Posts Tagged ‘On the Waterfront’
The double awareness
Mechanical excellence is the only vehicle of genius.
—William Blake
Earlier this week, I picked up a copy of Strasberg at the Actor’s Studio, a collection of transcribed lessons from the legendary acting teacher Lee Strasberg, who is best known to viewers today for his role as Hyman Roth in The Godfather Part II. (I was watching it again recently, and I was newly amazed at how great Strasberg is—you can’t take your eyes off him whenever he’s onscreen.) The book is loaded with insights from one of method acting’s foremost theorists and practitioners, but the part that caught my eye was what Strasberg says about Laurence Olivier:
When we see certain performances of Olivier we sometimes tend to say, “Well, it’s a little superficial.” Why are they superficial? There is great imagination in them, more imagination than in a lot of performances which are more organic because Olivier is giving of himself more completely at each moment. Is it that his idea of the part and the play is not clear? On the contrary, it is marvelously clear. You know exactly why he is doing each little detail. In his performance you watch an actor’s mind, fantastic in its scope and greatness, working and understanding the needs of the scene. He understands the character better than I ever will. I don’t even want to understand the character as much as he does, because I think it is his understanding that almost stops him from the completeness of the response.

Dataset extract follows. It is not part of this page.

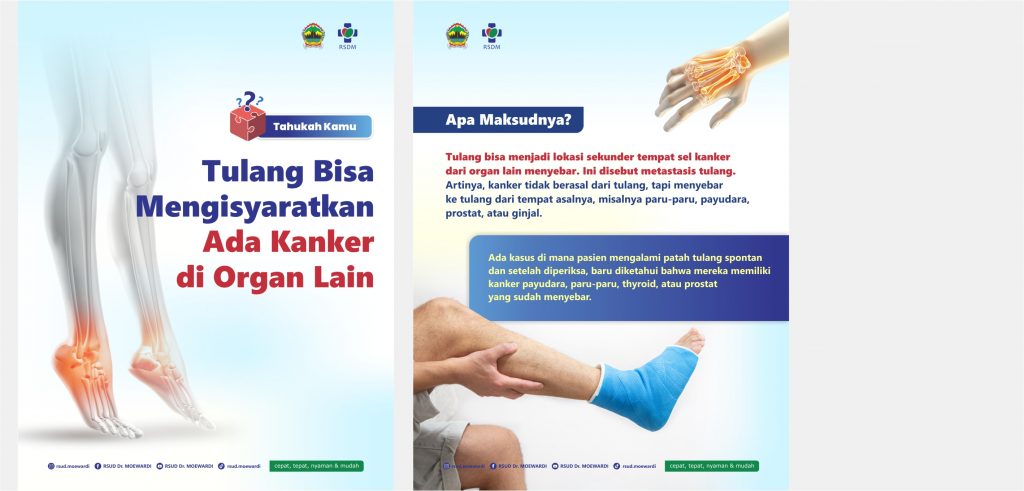 Tahukah Kamu? Tulang Bisa Mengisyaratkan Ada Kanker di Organ Lain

Strasberg goes on to conclude: “If we criticize Larry Olivier’s performance, it is only because it seems to us the outline of a performance. It is not a performance. Olivier has a fine talent, but you get from him all of the actor’s thought and a lot of his skill and none of the actual talent that he has.” And while I don’t intend to wade into a comparison of the method and classical approaches to acting, which I don’t have the technical background to properly discuss, Strasberg’s comments strike me as intuitively correct. We’ve all had the experience of watching an artist and becoming more preoccupied by his or her thought process than in the organic meaning of the work itself. I’ve said that David Mamet’s movies play like fantastic first drafts in which we’re a little too aware of the logic behind each decision, and it’s almost impossible for me to watch Kevin Spacey, for instance, without being aware of the cleverness of his choices, rather than losing myself in the story he’s telling. Sometimes that sheer meretriciousness can be delightful in itself, and it’s just about the only thing that kept me watching the third season of House of Cards. As David Thomson said: “[Spacey] can be our best actor, but only if we accept that acting is a bag of tricks that leaves scant room for being a real and considerate human being.”
But there’s a deeper truth here, which is that under ideal conditions, our consciousness of an artist’s choices can lead to a kind of double awareness: it activates our experience of both the technique and the story, and it culminates in something more compelling than either could be on its own. And Olivier himself might agree. He once said of his own approach to acting:
I’ve frequently observed things, and thank God, if I haven’t got a very good memory for anything else, I’ve got a memory for little details. I’ve had things in the back of my mind for as long as eighteen years before I’ve used them. And it works sometimes that, out of one little thing that you’ve seen somebody do, something causes you to store it up. In the years that follow you wonder what it was that made them do it, and, ultimately, you find in that the illuminating key to a whole bit of characterization…And so, with one or two extraneous externals, I [begin] to build up a character, a characterization. I’m afraid I do work mostly from the outside in. I usually collect a lot of details, a lot of characteristics, and find a creature swimming about somewhere in the middle of them.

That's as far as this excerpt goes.